By Mohammed Ghobari, Mohamed Sudam
Reuters
SANAA: Yemeni President Ali Abdullah Saleh, who has agreed to sign a Gulf-brokered power transition, called Friday for early elections to prevent bloodshed as three months of protests raged on in the fractious country. Saleh has twice backed out of the Gulf Cooperation Council’s transition deal, most recently Wednesday, despite diplomatic wrangling by U.S., Gulf and European officials. Tens of thousands of protesters rallied in cities across Yemen Friday, demanding Saleh end his three-decade rule now. A civilian was shot dead Friday as gunmen clashed with the army at security checkpoints around the flashpoint Abyan province, believed to hold Al-Qaeda militants.
“We call for an early presidential election to prevent bloodshed, to protect our family dignity and for a smooth democratic path,” Saleh told a crowd of tens of thousands of supporters in Sanaa, waving flags and signs that read: “You won’t leave.” He did not give any time frame or details on a plan for an election, leaving some skeptical it may be a tactic to buy time.
“I think it is a ploy to further delay the inevitable, to make it look like he is trying to leave power, but I don’t think that is his full intention,” security analyst Theodore Karasik, of the Dubai-based INEGMA group, said. Saleh appeared to lay groundwork for his followers to prepare to relinquish some control over government. “Your General People’s Congress will remain both in power and out of power and they will educate them [the opposition] in how to be a responsible opposition. No cutting roads, no cutting tongues, no treachery.” Protesters are increasingly frustrated their three months of daily protests have failed to dislodge Saleh. They have begun blocking roads and staging mass strikes that have ground commerce to a halt in several cities.
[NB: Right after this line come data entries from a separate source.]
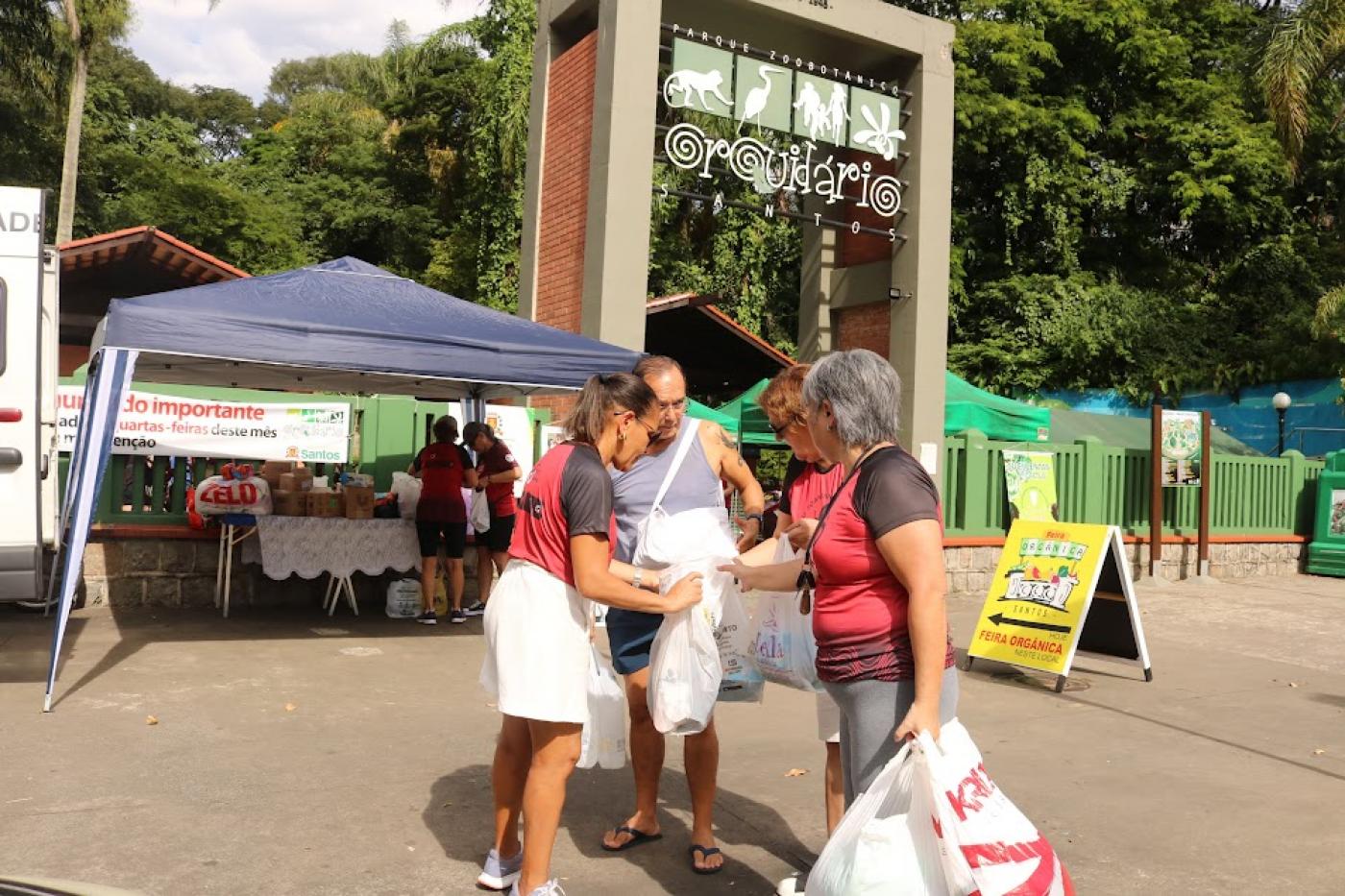 pessoas seguram sacos com doações na porta do orquidário. Ao fundo há uma tenda onde estão concentrados pacotes. #paratodosverem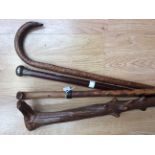 An antique sword stick, a knarled wooden cane,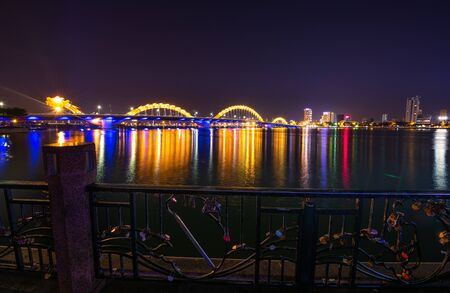 Locked padlocks  placed on the bridge as symbol of love. Dragon Bridge as seen from the Love Bridge in Da Nang, Vietnam.の写真素材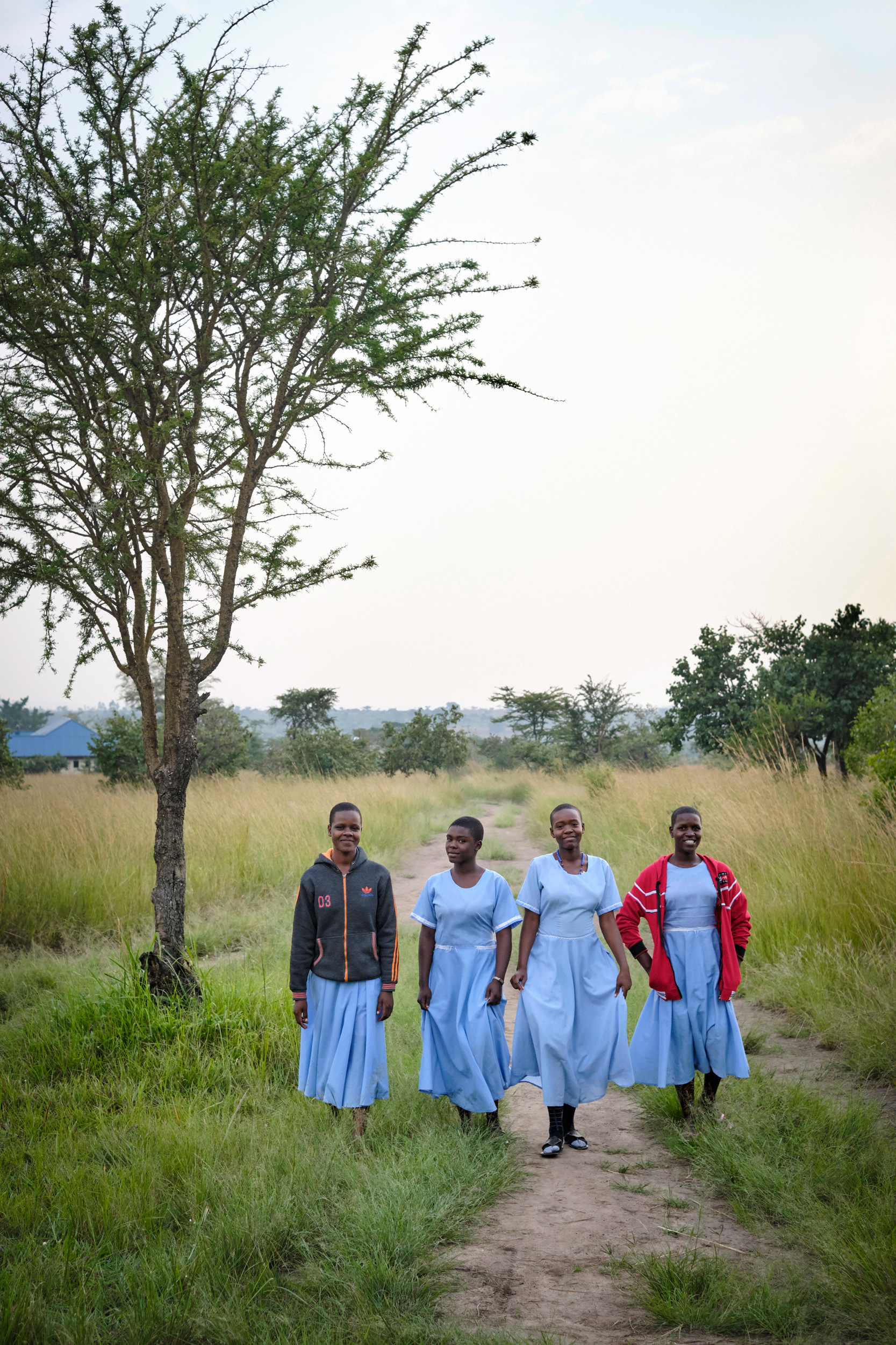 group of girls with long blue dresses on walking through a grass field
Gulf foreign ministers are planning to meet Sunday to discuss Yemen’s political crisis, but have made no mention of another deal signing, although Yemeni officials in the opposition and government said they may try again to sign the twice-thwarted deal Sunday. In the capital Sanaa and Taiz, to the south, protesters called on Saleh to end his nearly 33 years in power. “Zayani, Zayani, we need another president,” they shouted, referring to Abdullatif al-Zayani, the GCC’s secretary general.
In a rare meeting of Yemen’s national defense council Friday, military leaders praised what they said was Saleh’s “positive response” to the GCC initiative but also said they discussed ways of confronting “outlaws and any efforts at a coup on democracy and constitutional legitimacy.” They also blamed the opposition for the political crisis. Saleh first refused to sign the GCC deal in April when he said he would only sign in his capacity as ruling party leader, not president. Last Wednesday he backed out in objection to the opposition’s inclusion of a politician he did not want to be among those who would sign the deal. Sanaa protester Abdulrahman Saleh said Saleh’s unwillingness to sign made him skeptical of his Friday call for a presidential poll. “This is just a new maneuver from the president because he doesn’t want to leave power,” he said.
In his widely anticipated speech on U.S. policy in the Arab world, President Barack Obama said Thursday that Saleh needed to “follow through on his commitment to transfer power.” On the streets of Sanaa, Obama’s words received mixed reviews. Some protesters were optimistic that his call for a transition meant the U.S. president was on their side. Others argued he did not go far enough in confronting Saleh. “The American position is still weak towards President Saleh. We were waiting for Obama to call on Saleh to leave immediately,” Samir Abdullah said.